February features four of the game’s most enduring attractions, in a pair of crucial matchups.

First up, Showtime presents the Jose Luis Castillo – Diego Corrales tiebreaker from El Paso on Feb 4th. This is another pick ‘em pair, barring any sideshow. In boxing that disclaimer may be a stretch, since the sideshow is part of the act and the charm.

As far as action inside the strands goes, every round these guys have fought has been great. There’s no reason to think that pattern won’t continue. Regarding the result, Castillo keeps the pressure on as he did in the second fight, but he’ll walk into trouble from a more reserved Corrales. We still don’t know which coin to flip.

February also holds a better late than never affair between two perennial favorites as Shane Mosley collides with Fernando Vargas on the 25th.  This fight could lead to a winning ticket in the Golden Boy sweepstakes for a fall bonanza against Oscar De La Hoya.

Vargas has been in tougher recently, based on comparable strength of opposition stats, but he’s seen little action. What weight they enter the ring at may have a lot to do with the result. If Vargas has to struggle at the scale, Mosley might have the battle in the bag after round nine.

It’s hard to imagine Mosley getting stopped early, but Vargas doesn’t have to hurt him, he just has to knock him down three times. With natural size, he may be able to do just that, but Mosley would have to box uncharacteristically flat.

Unless Mosley decides to heed the crowd, the most likely scenario is that Shane plays it safe, picks a few shots, and stays away enough to capture a comfortable, dull decision. An unbowed Vargas maintains his fan base but not his bettors.

March both comes in and goes out as a lion.

On March 4th Joe Calzaghe welcomes Jeff Lacy to Manchester UK for what may be the biggest blowout of the headlining bunch. Calzaghe gets the chance to prove his considerable home-based reputation once and for all, but if Lacy creams him as we expect, that glossy record will be severely tarnished.

All Calzaghe has to do is make a respectable stand, but that’s no small task against the rising Lacy. A motivated Calzaghe, songs of England ringing in his ears, could pull a big surprise if he can exploit Lacy’s relatively limited technical development, but that’s a longshot indeed.

It looks like Lacy can get by on power alone. He could soon emerge as a pound-for-pound leader. Old Joe’s hometown advantage will last about two left hooks.

March 11th has the Ides of history to beware for at least one old lion, with farewell (we’ll see) fireworks featuring Roy Jones Jr. against Bernard Hopkins. Less than two years ago they were considered untouchable all time greats. Now between them they’ve lost five in a row.
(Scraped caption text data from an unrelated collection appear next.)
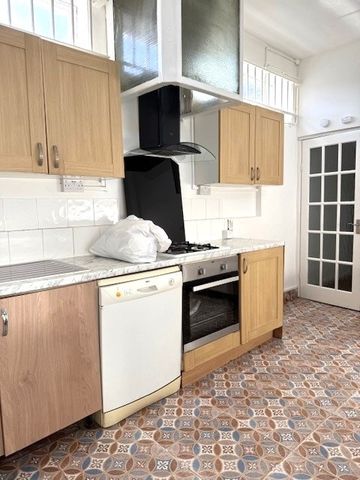 2 Bed Flat, Sterling Way, N18 - Photo 3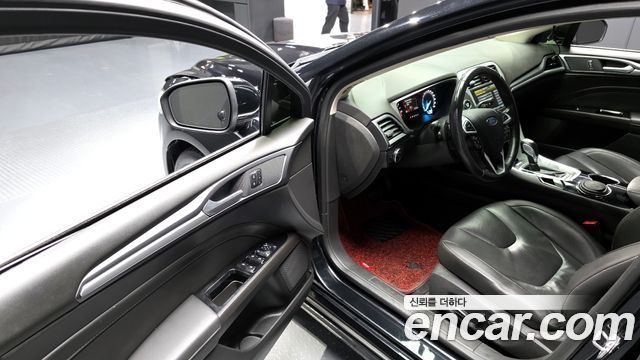 Ford Mondeo 2015 — photo 10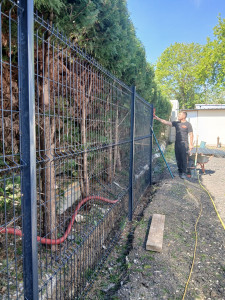 Photo de galerie - Mise en place du chantier 
mise au propre
tranchée
pose de grillage rigide 
fixation par cimentation
fin de chantier rebouchage de la tranchée par un drainage et finition gravier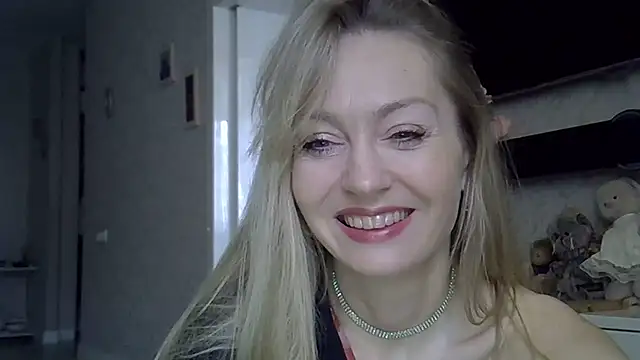 Snapshot of ZarinaSwift chatting on November 24, 4:34 am ZarinaSwift online show from November 24, 4:34 am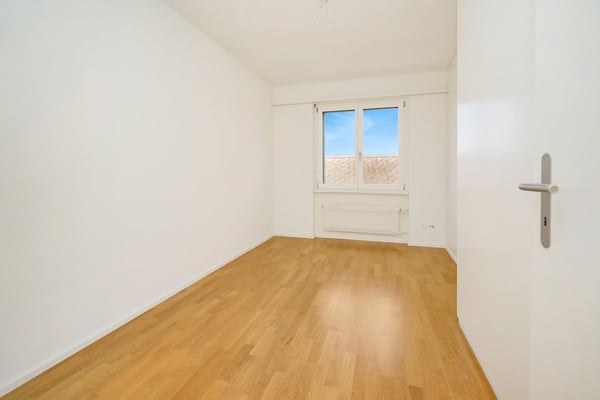 1.5-Zimmer-Wohnung mit Aussicht zu vermieten 4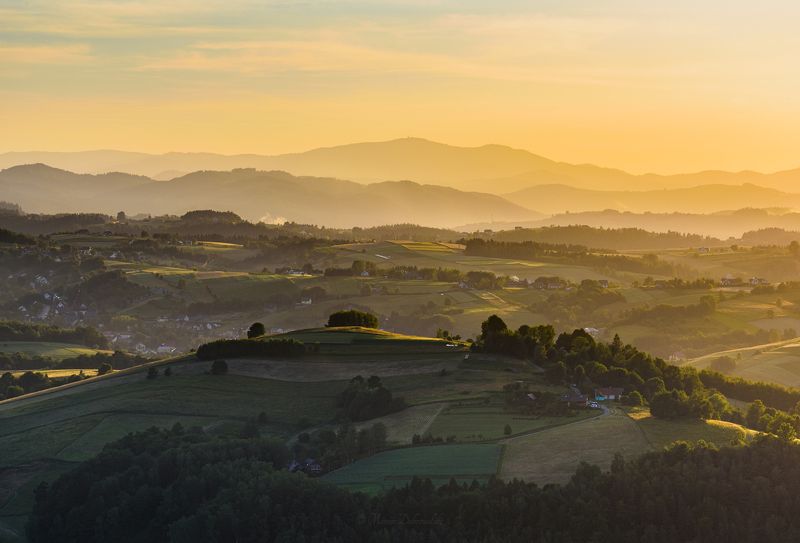 polska, polandways, poland, discoverearth, amazingshots, polishexplorers, beskidsądecki, discoverpoland, europetravel, exploretocreate, traveltheworld, landscapelovers, wolakrogulecka, sunset, mountains, ourplanetdaily, wonderfulplaces, chiaroscuro The Sun – Chiaroscuro Painterphoto preview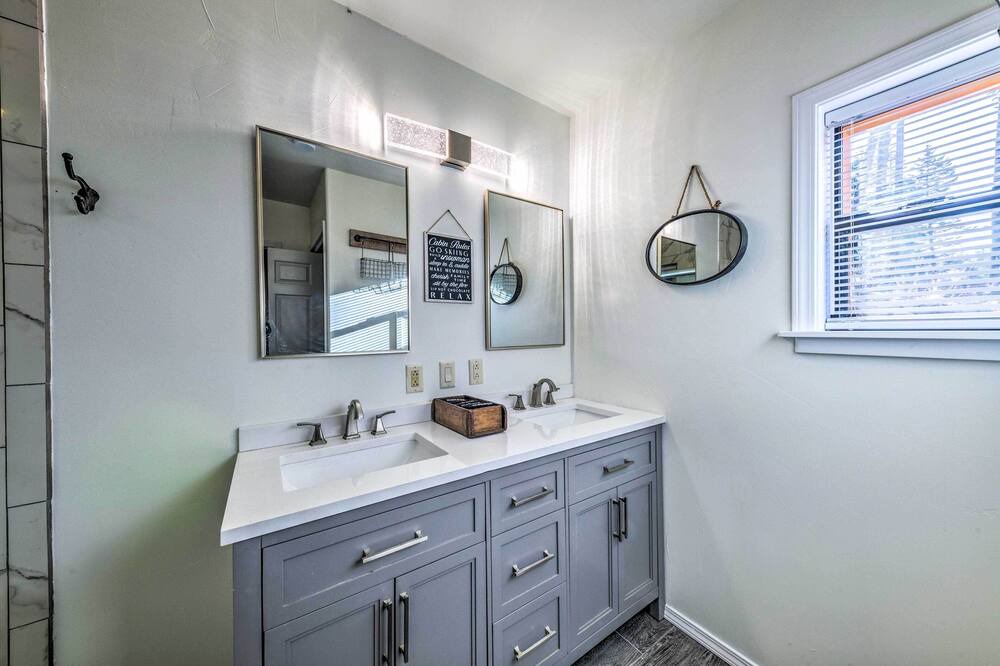 Photo of Bathroom in Ruidoso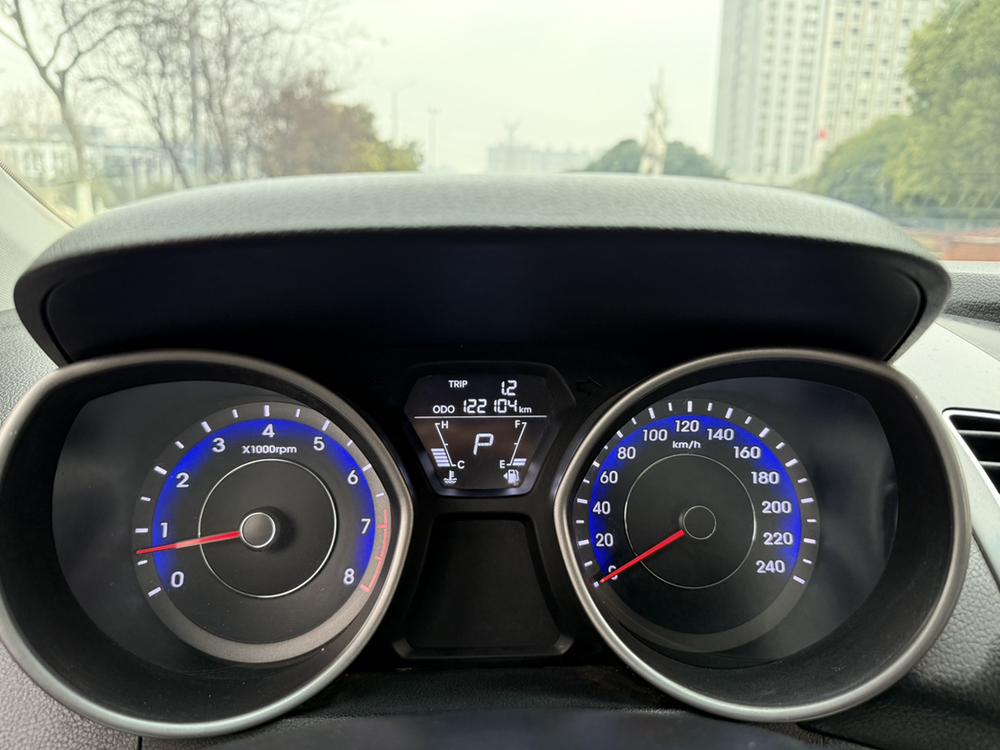 Hyundai Elantra Langdong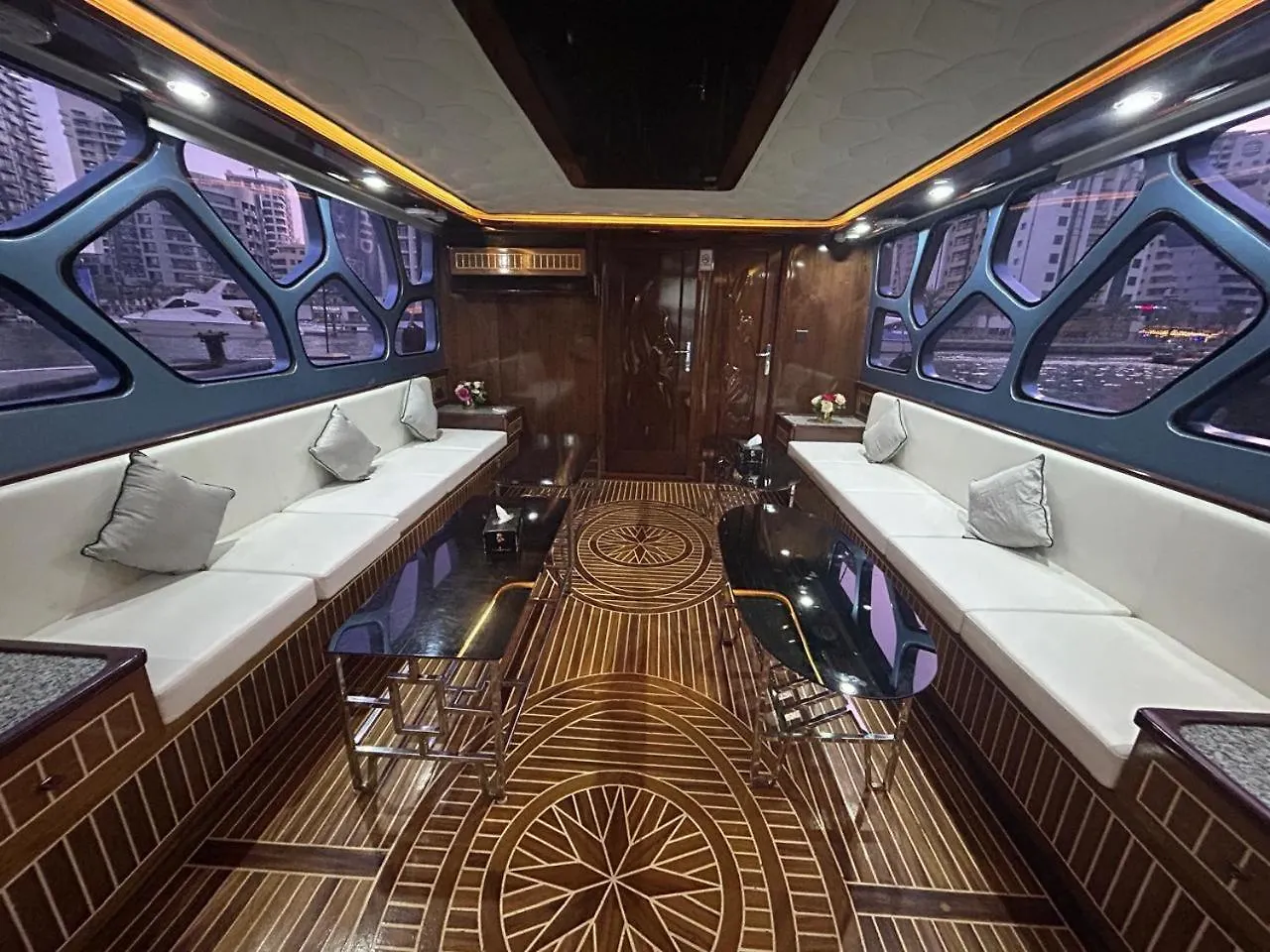 Overnight Super Yacht - Orchid Абу-Даби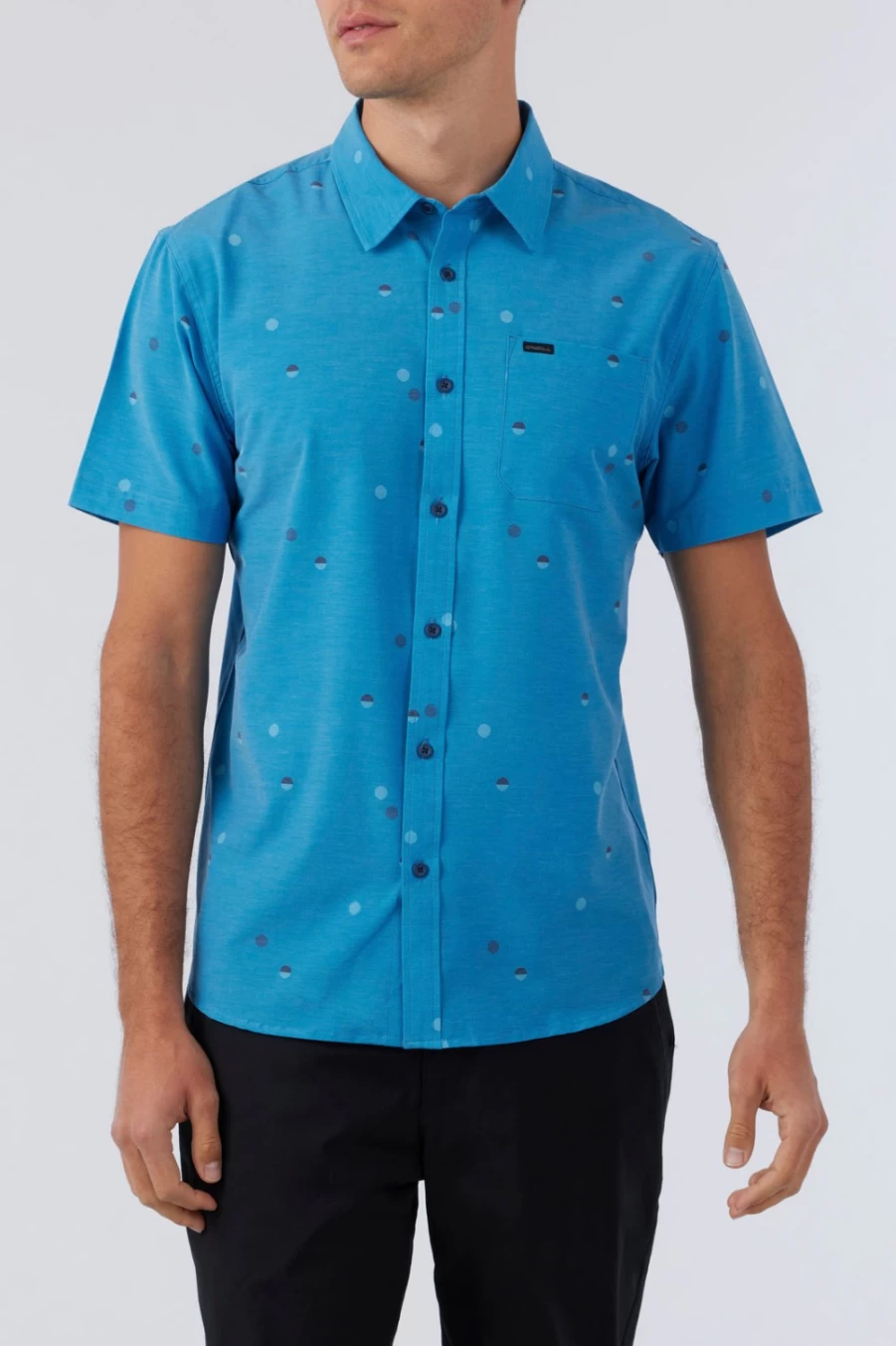 O'Neill Men's TRVLR UPF Traverse Standard Shirt in Medium Blue - Sun Protective Travel Shirt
This goodbye fight is contracted at light heavyweight, for what seems like an oldies night. Hopkins is the senior at age 41 to Jones’s 37, but Roy seems more the grandpa figure, last seen hanging on against Antonio Tarver. Youth, as it were here, will prevail.

This bout was signed quickly as each principal, usually sticklers for favorable contract clauses, agreed to parity in a demonstration of businessman first and fighter second. They may both expect easy marks. How much the boys have left by the time they get down to business remains to be seen. The history books will show this as a climactic career bout between Hall of Famers.

At 175 pounds, Hopkins may be in for rude awakening. Jones may have been more thoroughly outfought recently, but he was rumbling with bigger, tougher men than Jermain Taylor or Howard Eastman. Respectable as he is, Taylor still falls short of the level of Tarver, at least for now. The difference is still fifteen pounds less pop.

It will be quite a feat if Hopkins can stay in the fight, even at Jones’s advanced age. Our stars point to Jones winning in overwhelming fashion.

On March 18th, James Toney meets Hasim Rahman in another pairing of seasoned war-horses.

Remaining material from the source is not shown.